Sounding a more contemporary note of Jew-bashing, Carter echoes newly revived speculations about a conspiracy among American advocates of Israel’s cause. “Because of powerful political, economic, and religious forces in the United States,” he writes, “Israeli government decisions are rarely questioned or condemned, [and] voices from Jerusalem dominate in our media.” Who might those “powerful . . . religious forces” be? The Christian Right supports Israel, but no one has ever accused it of dominating the media. Carter can only mean the Jews.

In a speech at a book event in November, Carter dwelled at length on the so-called Geneva Accord, an unofficial 2003 proposal for an Israeli-Palestinian settlement in which he was involved. Then he added: “Never, in this country, do you hear any of these issues proposed publicly by an elected member of the House or the Senate or in the White House or NBC or ABC or CBS, New York Times, Washington Post, LA Times. Never.” His point was that the “media” suppress views like his own. In truth, when the accord was announced, a New York Times editorial hailed it as “truly momentous,” and the other papers mentioned by Carter also praised it in editorials and gave it ample coverage in news and feature stories.
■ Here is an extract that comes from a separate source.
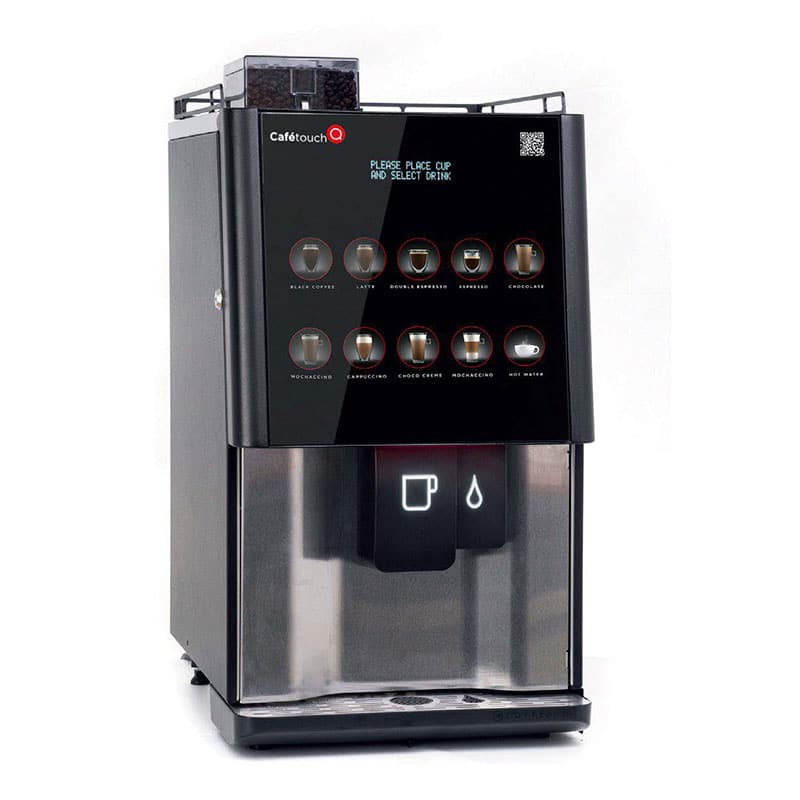 Front view of Cafetouch Q3 Coffee machine with a touchscreen displaying various drink options.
But he will not see what he will not see.

As Carter’s latest book and speeches have begun to evoke criticism from Jewish groups and others, he has taken on a new role: that of the martyr. After declining to debate Harvard law professor Alan Dershowitz at Brandeis University, he took umbrage when the university, for its part, declined his request that it hire a private plane to bring him to speak alone. The incident led him to declare in the press: “My most troubling experience has been the rejection of my offers to speak, for free, about the book on university campuses with high Jewish enrollment.” In sum, Carter, who seems to think of himself as a latter-day prince of peace, and who has performed “miracles” in North Korea and elsewhere, is now being persecuted for his goodness by the Jews.